Alternatives for Data Entry k* in Index:

❖ In a data entry k* we can store:

▪ Data record with key value k, or
▪ <k, rid of data record with search key value k>, or
▪ <k, list of rids of data records with search key k>
❖ Choice of alternative for data entries is orthogonal to the indexing technique used to locate
data entries with a given key value k.
▪ Examples of indexing techniques: B+ trees, hash-based structures
▪ Typically, index contains auxiliary information that directs searches to the desired
data entries
❖ Alternative 1:
▪ If this is used, index structure is a file organization for data records (instead of a
Heap file or sorted file).
1
Database Management Systems

▪ At most one index on a given collection of data records can use Alternative 1.
(Otherwise, data records are duplicated, leading to redundant storage and potential
inconsistency.)
▪ If data records are very large, # of pages containing data entries is high.
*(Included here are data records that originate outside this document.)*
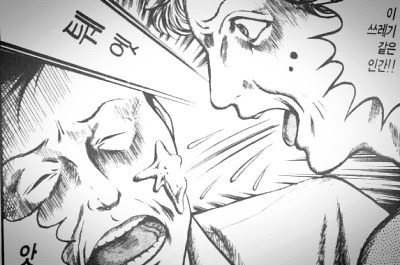 웹툰ㅉ라 퉤엣 침뱉는 닥쳐 쓰레기 같은 인간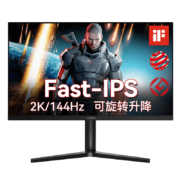 PLUS会员：科睿 KOORUI 27英寸显示器 2K Fast IPS 原生144Hz GTG1ms  游戏电竞显示屏 27E1Q
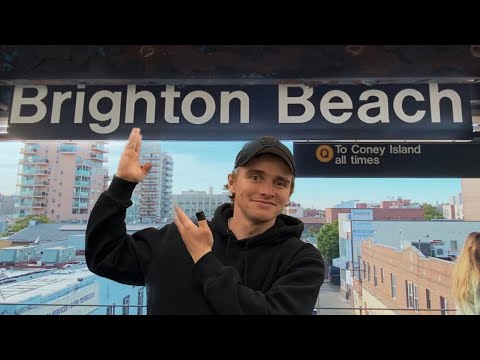 Что не так с Брайтон Бич?
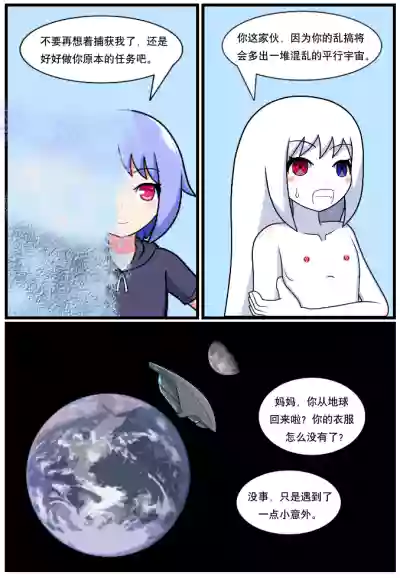 第45页图
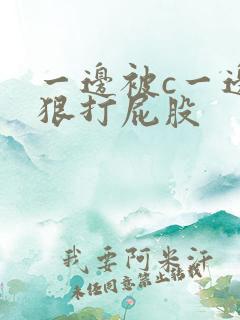 一边被c一边狠狠打屁股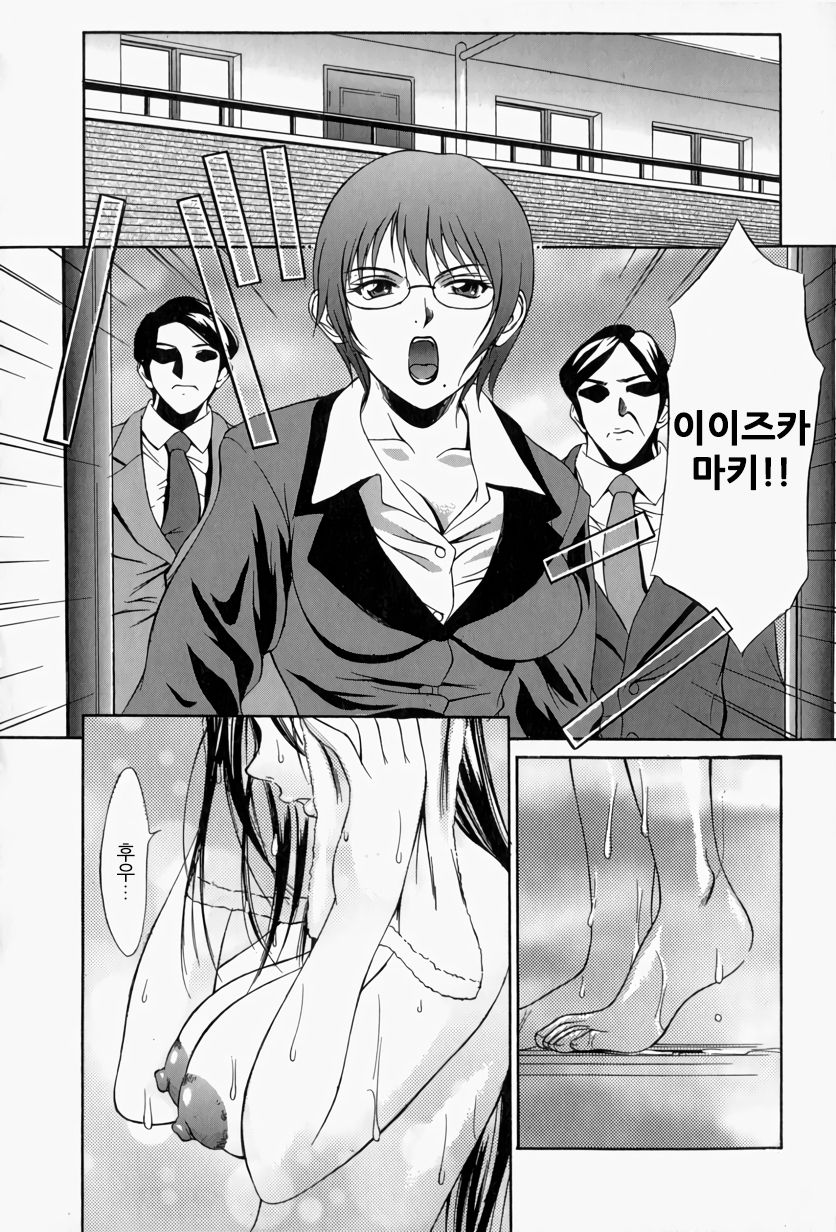Toriko | 포로 page 2 full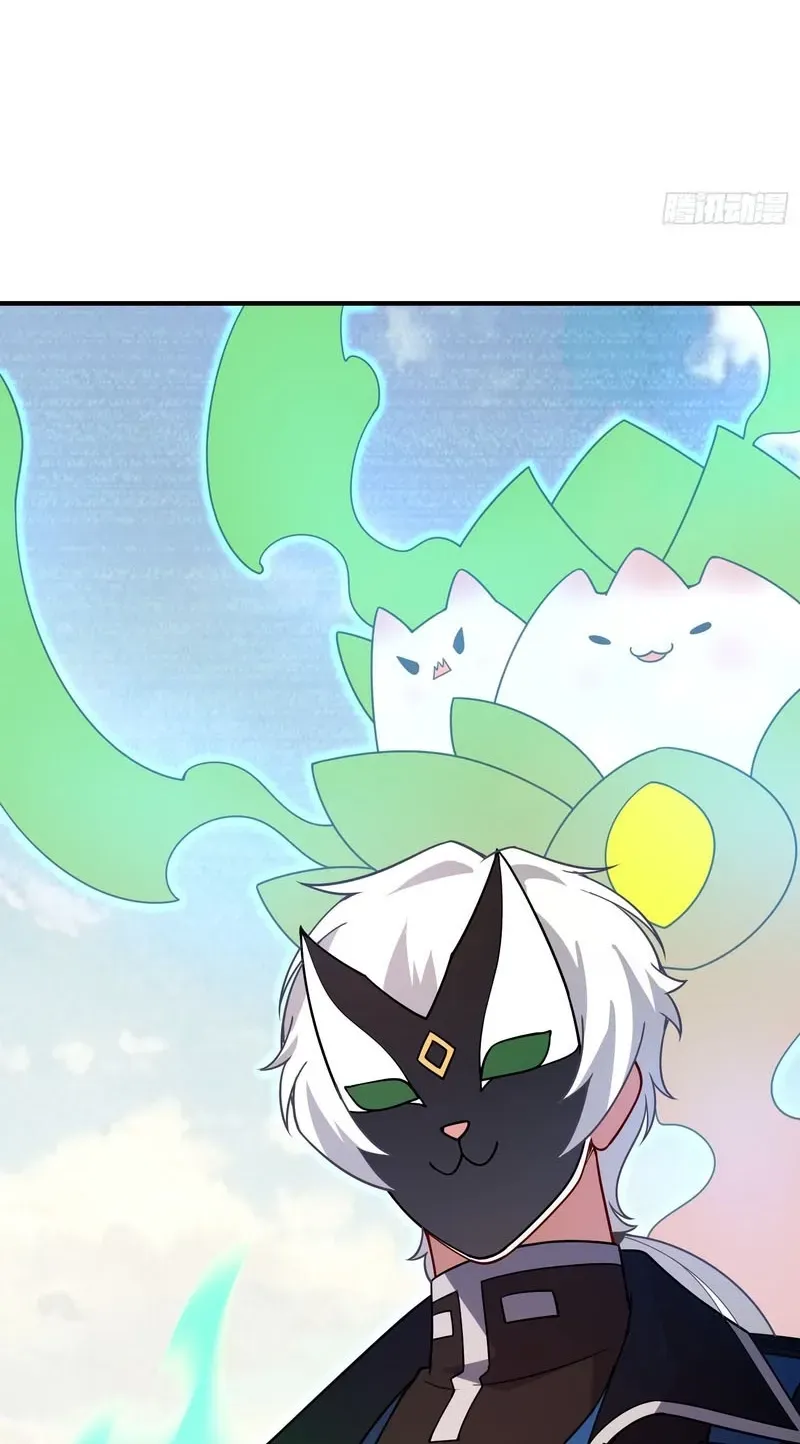 Read Beast Taming Evolution chapter 69 image 45 on Lezhin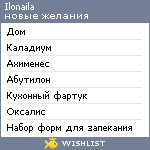 My Wishlist - ilonaila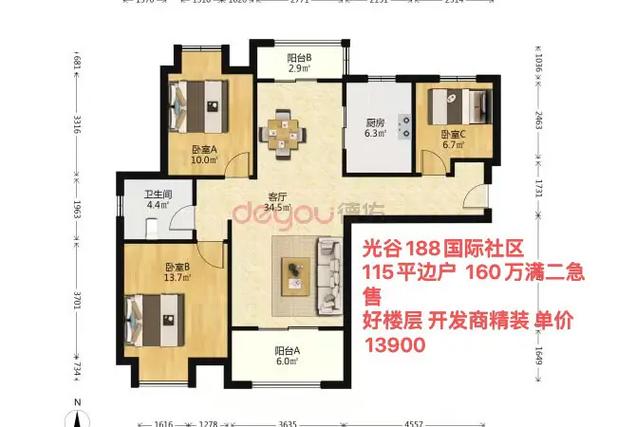 光谷188国际社区价格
Implies
size of auxiliary information in the index is also large, typically.
❖ Alternatives 2 and 3:
▪ Data entries typically much smaller than data records. So, better than Alternative
1 with large data records, especially if search keys are small. (Portion of index
structure used to direct search, which depends on size of data entries, is much
smaller than with Alternative 1.)
▪ Alternative 3 more compact than Alternative 2, but leads to variable sized data
entries even if search keys are of fixed length.

2. Types of Indexing:

• Primary Index − Primary index is defined on an ordered data file. The data file is ordered
on a key field. The key field is generally the primary key of the relation.
• Secondary Index − Secondary index may be generated from a field which is a candidate
key and has a unique value in every record, or a non-key with duplicate values.
• Clustering Index − Clustering index is defined on an ordered data file. The data file is
ordered on a non-key field. (or)

If order of data records is the same as, or `close to’, order of data entries, then called
clustered index. Alternative 1 implies clustered; in practice, clustered also implies
Alternative 1 (since sorted files are rare). A file can be clustered on at most one search
key. Cost of retrieving data records through index varies greatly based on whether index
is clustered or not!

Suppose that Alternative (2) is used for data entries, and that the data records are stored
in a Heap file.

▪ To build clustered index, first sort the Heap file (with some free space on each
page for future inserts).
▪ Overflow pages may be needed for inserts. (Thus, order of data recs is `close to’,
but not identical to, the sort order.)

2
Database Management Systems

Ordered Indexing is of two types −

o Dense Index
o Sparse Index

Dense Index

In dense index, there is an index record for every search key value in the database. This makes
searching faster but requires more space to store index records itself. Index records contain
search key value and a pointer to the actual record on the disk.

Sparse Index

In sparse index, index records are not created for every search key. An index record here
contains a search key and an actual pointer to the data on the disk. To search a record, we first
proceed by index record and reach at the actual location of the data. If the data we are looking
for is not where we directly reach by following the index, then the system starts sequential
search until the desired data is found.

Multilevel Index

Index records comprise search-key values and data pointers. Multilevel index is stored on the
disk along with the actual database files. As the size of the database grows, so does the size of
the indices. There is an immense need to keep the index records in the main memory so as to
speed up the search operations. If single-level index is used, then a large size index cannot be
kept in memory which leads to multiple disk accesses.

3
Database Management Systems

Indexes must be chosen to speed up important queries (and perhaps some updates!).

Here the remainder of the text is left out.